El grito de uno de los vigías la despertó de su melancólico ensueño. – ¡Allí! ¡A los pies del Capitolio! ¡Los veo! Dorso y el esclavo… y galos, centenares de galos…
Las palabras proporcionaron a Pinaria un destello momentáneo de esperanza y la hundieron luego en la desesperación. Se imaginó a Dorso y Penato corriendo a toda velocidad, perseguidos por los guerreros; se imaginó sus cabezas cortadas y portadas sobre palos por galos desdeñosos. Corrió hacia la barricada, ascendió hasta arriba y observó la empinada ladera de la colina. – ¡Allí! – repitió el vigía-. En el camino, vienen hacia aquí.
Lo que vio era lo último que esperaba ver. Caminando orgullosamente erguidos, portando en las manos los recipientes del sacrificio ya vacíos, Dorso y Penato ascendían el sinuoso camino con paso firme y sin prisa. Les seguía una gran cantidad de galos, portando espadas y lanzas pero manteniéndose a distancia y sin hacer nada para impedir su avance.
El oficial responsable de la barricada movió la cabeza. – ¡Estos galos y sus crueles juegos! Esperarán hasta que Dorso esté casi en la barricada y lo atacarán mientras nosotros lo observamos. ¡Criaturas malvadas! Tendríamos que dispararles ahora que Dorso aún tiene la oportunidad de salir corriendo. ¡Arqueros! ¡Preparad los arcos! – ¡No! – gritó Pinaria-. ¿Es que no les ves sus caras? Es justo lo que Dorso vaticinó. Los galos le tienen respeto. ¿No ves cómo se mantienen retrasados? ¿Ves cómo susurran entre ellos y se dan empellones para tratar de verlo mejor? Es como si los hubiera embrujado. ¡Bajad los arcos! ¡No hagáis nada! ¡No digáis nada!

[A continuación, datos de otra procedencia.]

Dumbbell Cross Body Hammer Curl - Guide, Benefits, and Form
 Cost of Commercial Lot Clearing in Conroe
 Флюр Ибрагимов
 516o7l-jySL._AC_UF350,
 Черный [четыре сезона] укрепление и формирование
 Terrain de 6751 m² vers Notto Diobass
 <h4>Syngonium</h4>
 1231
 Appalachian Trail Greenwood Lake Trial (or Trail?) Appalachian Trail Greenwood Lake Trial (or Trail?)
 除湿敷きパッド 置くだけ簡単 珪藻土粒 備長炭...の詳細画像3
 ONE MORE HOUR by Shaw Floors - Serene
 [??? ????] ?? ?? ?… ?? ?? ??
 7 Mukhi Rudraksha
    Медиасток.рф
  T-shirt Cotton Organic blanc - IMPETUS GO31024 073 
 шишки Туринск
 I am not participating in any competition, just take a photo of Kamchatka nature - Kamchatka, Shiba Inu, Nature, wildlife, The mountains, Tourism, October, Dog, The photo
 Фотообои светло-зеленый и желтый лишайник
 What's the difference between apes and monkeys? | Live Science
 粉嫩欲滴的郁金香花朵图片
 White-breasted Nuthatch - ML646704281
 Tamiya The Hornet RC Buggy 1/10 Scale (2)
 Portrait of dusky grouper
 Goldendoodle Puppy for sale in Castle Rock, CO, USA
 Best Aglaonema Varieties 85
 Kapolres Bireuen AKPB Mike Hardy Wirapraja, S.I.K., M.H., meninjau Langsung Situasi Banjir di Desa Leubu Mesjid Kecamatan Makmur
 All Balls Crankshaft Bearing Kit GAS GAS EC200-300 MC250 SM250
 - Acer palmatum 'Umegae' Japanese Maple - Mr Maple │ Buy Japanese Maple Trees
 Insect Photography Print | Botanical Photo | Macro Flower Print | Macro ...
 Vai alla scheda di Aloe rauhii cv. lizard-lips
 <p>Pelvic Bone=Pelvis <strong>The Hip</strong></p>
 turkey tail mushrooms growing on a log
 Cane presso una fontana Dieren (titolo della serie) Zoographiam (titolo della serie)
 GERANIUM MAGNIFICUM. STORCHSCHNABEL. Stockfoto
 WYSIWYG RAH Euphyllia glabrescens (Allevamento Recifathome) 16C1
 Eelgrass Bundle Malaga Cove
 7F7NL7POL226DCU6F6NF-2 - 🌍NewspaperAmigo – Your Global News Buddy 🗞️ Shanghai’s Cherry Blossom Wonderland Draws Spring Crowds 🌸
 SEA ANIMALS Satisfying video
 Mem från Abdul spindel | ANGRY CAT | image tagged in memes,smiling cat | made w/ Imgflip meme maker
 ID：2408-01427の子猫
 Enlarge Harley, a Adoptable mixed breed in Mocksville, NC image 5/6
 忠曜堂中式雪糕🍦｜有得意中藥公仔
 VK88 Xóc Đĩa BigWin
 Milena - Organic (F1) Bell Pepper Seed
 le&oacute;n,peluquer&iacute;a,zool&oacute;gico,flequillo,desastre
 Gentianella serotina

Los hombres de la barricada enfundaron los arcos y guardaron silencio.
Siguiendo el sinuoso camino, Dorso y Penato se acercaban cada vez más. Los galos los seguían tenazmente. Pinaria notaba el corazón martilleándole el pecho. La espera era atroz. ¿Por qué caminaban tan despacio? En cuanto apareció por el último recodo pudo verle la cara a Dorso; observó la expresión serena de un hombre en paz consigo mismo y con su destino, preparado para vivir o morir, según los dioses creyeran conveniente. Entonces vio a Penato. El corazón le dio un brinco cuando sus miradas se encontraron. Él le sonrió… ¡y luego le guiñó el ojo!
Los dos hombres llegaron a la barricada. Salieron manos por todos lados para coger los recipientes y ayudarlos a trepar. Dorso subió hasta arriba y miró por encima del hombro. – ¡Estúpidos galos! – masculló-. ¡Arqueros! ¡Ahí tenéis vuestra oportunidad de matar a unos cuantos de esos locos! ¡Apuntad y disparad enseguida, antes de que salgan corriendo!
Las flechas silbaron en el aire, seguidas de gritos y de los sonidos caóticos emitidos por los galos al huir aterrorizados.
Dorso apartó enseguida a Penato de la barricada, retirándolo del ángulo de tiro.
–Ha sido tu bendición, vestal, con eso los hemos engañado -susurró-. He tenido la sensación de que la diosa de la llama sagrada nos protegía a cada paso que dábamos en el camino. – ¿De verdad? ¿De verdad habéis sentido la presencia de Vesta? – Pinaria miró a Dorso y a Penato.
–Alguna cosa nos ha protegido -dijo Penato-. ¡Ha sido asombroso! Los galos se quedaron boquiabiertos. Caían sobre nosotros por todos lados, como el cereal que corta la guadaña. Ninguno se atrevió a acercarse. Ni siquiera hubo uno que alzara la voz.
Dorso y Penato se miraron y se fundieron en un espontáneo abrazo, riendo como dos chiquillos después de una gran aventura. Pinaria deseaba unirse al abrazo. Y en especial deseaba abrazar a Penato y ser abrazada por él, para asegurarse de que seguía vivo y respiraba, para sentir el calor de su cuerpo, el contacto de su torso velludo donde el talismán negro colgaba sobre sus fuertes músculos. Aquellas ideas la hacían sentirse débil y sofocada, pero era incapaz de controlarlas. ¿Podría ser lo que había dicho Dorso? ¿Podría ser que Vesta hubiera vigilado y protegido a los dos hombres a pesar de los sentimientos impuros de Pinaria? ¿O había sobrevivido Penato sólo porque, o precisamente porque, la diosa estaba ausente, porque ya no estaba presente para castigar a una vestal descarriada y al objeto de su deseo?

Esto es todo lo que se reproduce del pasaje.